◆ **Exercise objective**
Nothing but the pictures should be dropped; repeat the rest of the data below exactly.

◆ **Data below**

▽

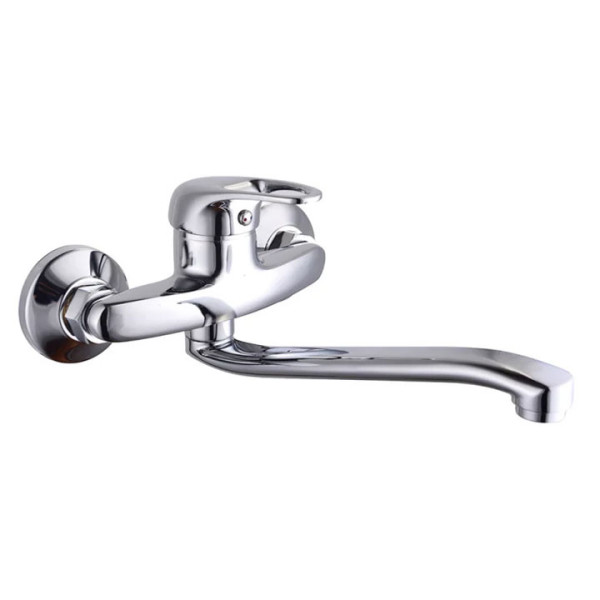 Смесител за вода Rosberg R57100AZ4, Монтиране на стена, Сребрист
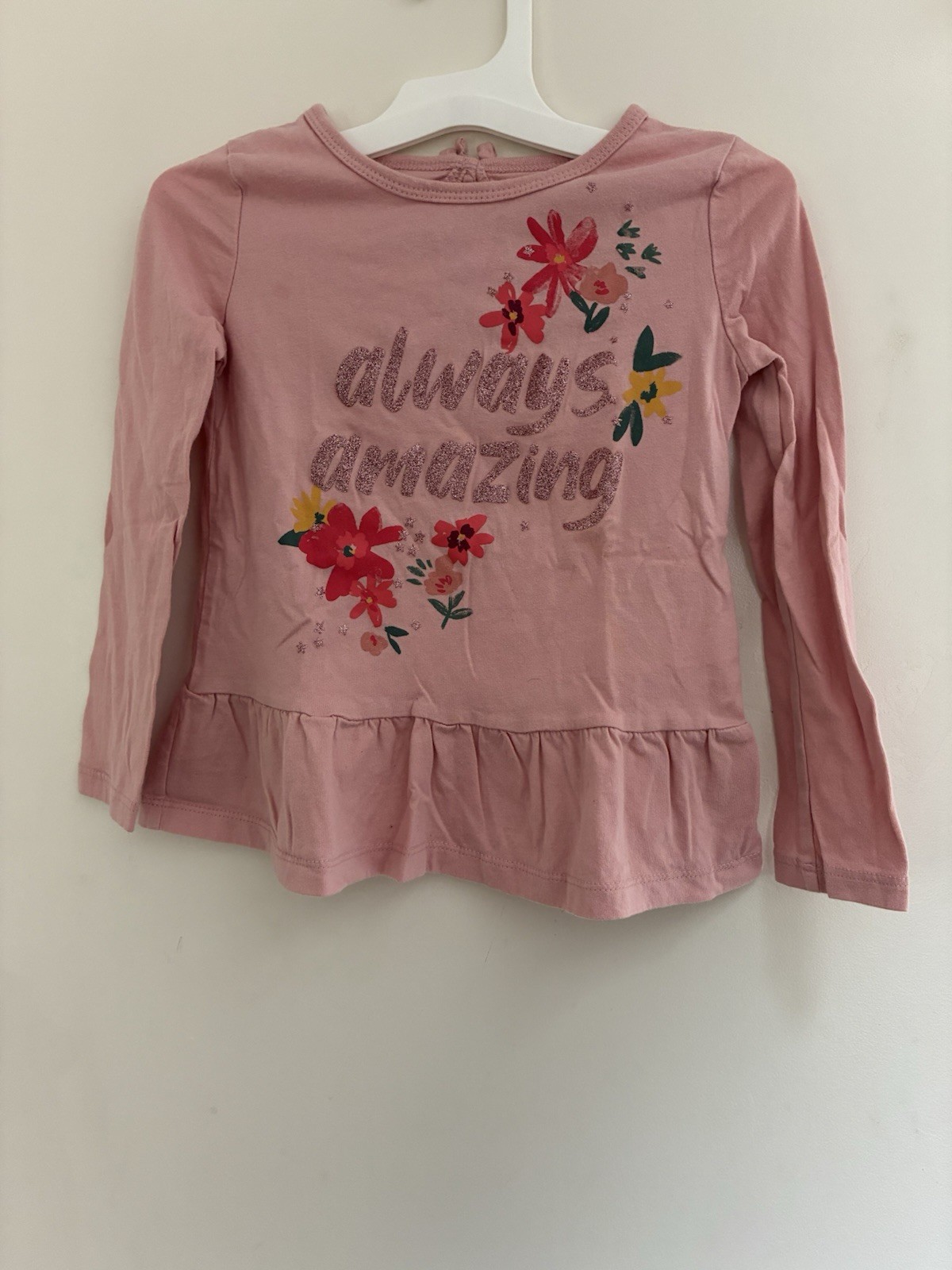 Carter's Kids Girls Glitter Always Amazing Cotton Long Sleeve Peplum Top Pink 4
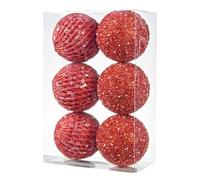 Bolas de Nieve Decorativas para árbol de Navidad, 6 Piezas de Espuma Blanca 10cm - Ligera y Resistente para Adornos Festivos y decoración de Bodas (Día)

△

◆ **Answer for this exercise**
 Смесител за вода Rosberg R57100AZ4, Монтиране на стена, Сребрист
 Carter's Kids Girls Glitter Always Amazing Cotton Long Sleeve Peplum Top Pink 4
 Bolas de Nieve Decorativas para árbol de Navidad, 6 Piezas de Espuma Blanca 10cm - Ligera y Resistente para Adornos Festivos y decoración de Bodas (Día)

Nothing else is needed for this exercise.